Pelo modo como aqueles londrinos se vestiam intuía que eram nobres ou mercadores ou advogados ou lojistas ou agiotas ou uma tribo de burocratas e escreventes. Havia também elegantes batedores de carteiras, jogadores medievais, e um tipo de gente que atraía os mendigos da rua. Havia também mocinhas humildes que voltavam do trabalho para lares sem alegria. Havia também prostitutas de todas as idades, e de todas as espécies. E havia ainda bruxas enrugadas. E carregadores e ébrios e exibidores de macacos. É certamente a visão de um americano em Londres.
Com o rosto colado da vidraça do café percebeu um homem que passava, cuja expressão era absolutamente peculiar. Imaginou quanta história se escondia naquele peito e naquela vida. O homem era magro. Roupas sujas e estragadas. Resolveu segui-lo.
A chuva começava a cair e a multidão se agitava. Uma enorme quantidade de guarda-chuvas aparecia não se sabe de onde. O homem andava pela rua principal, cortava travessas e retornava. O narrador nos conta que o homem da multidão apressava o passo com firmeza e segurança. Dava volta e refazia o mesmo caminho, refazendo e desfazendo a operação. Com muita agilidade, prossegue o narrador, revelava conhecer todos os caminhos possíveis.

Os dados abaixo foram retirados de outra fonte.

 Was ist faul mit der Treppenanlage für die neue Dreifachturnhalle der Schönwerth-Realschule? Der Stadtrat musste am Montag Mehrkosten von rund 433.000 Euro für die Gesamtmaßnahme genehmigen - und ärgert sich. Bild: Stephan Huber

O tempo passava, a noite avançava e a multidão diminuía. Quem o seguia não entendia os caprichos de quem era seguido. Avançou para regiões mais sujas e asquerosas da cidade. A metrópole do capitalismo continha suas contradições. À época as camas jamais esfriavam nos dormitórios das fábricas inglesas. O dia ia romper. O homem continuava andando e agora se misturava com aqueles que rumavam para o trabalho, misturando-se com a multidão de ébrios que resistia ao nascer do dia. O sol se ergueu. O narrador conta-nos que seu personagem estava fatigado.
O homem da multidão não parava. Recusava a solidão. Quem sabe, insinua o narrador, seria em vão segui-lo, nunca se pode saber dele ou de seus atos. Confunde-se com a multidão, lutando contra o isolamento, que é um isolamento que de algum modo a vida nos impõe. Uma pessoa perdida e solta na multidão parece a conselheiro íntima de nossa angústia. Tem-se a impressão que Poe pretendia unir arte e natureza, narrativa e sentimento de isolamento, demonstrando na existência alguma uma inutilidade sublime.
O homem da multidão vive só, não se sabe se na tristeza ou na alegria. Não conta com ninguém. Mas pode não ser diferente de quem presume que conta com toda a gente.
Para o homem da multidão família e amigos exigem uma espécie de renúncia, que pode ser a mais totalitária das pressões que sofremos. Talvez Poe nos sugira que somos, ou queremos ser, mais um da multidão.